DATA SHOWN —

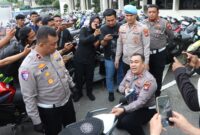 Kasat Lantas Polresta Barelang saat menunjukkan barang bukti knalpot brong dalam jumpa pers, Senin (21/9/2026). Foto:Ist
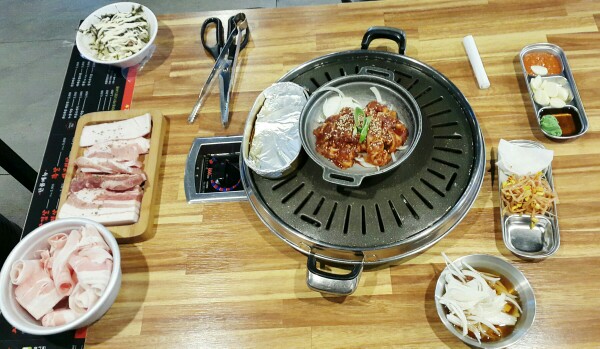 엉뚱한삼겹살 이미지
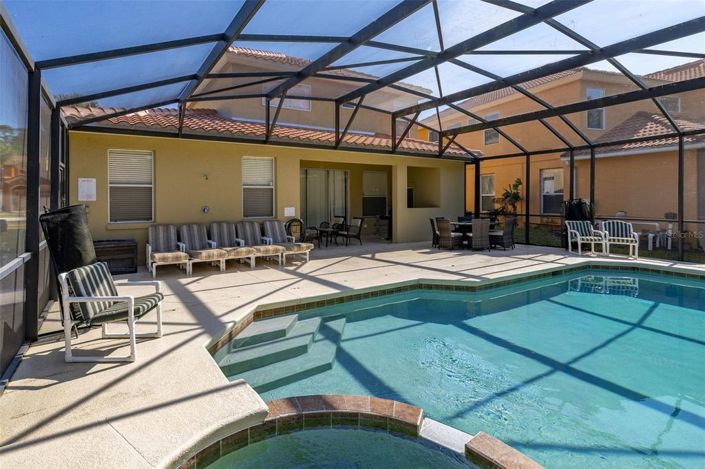 Image No.12-5 Bed House for sale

WORK REQUIRED —
Set down the material above as is, without any pictures.

COMPLETED TASK —
 Kasat Lantas Polresta Barelang saat menunjukkan barang bukti knalpot brong dalam jumpa pers, Senin (21/9/2026). Foto:Ist
 엉뚱한삼겹살 이미지
 Image No.12-5 Bed House for sale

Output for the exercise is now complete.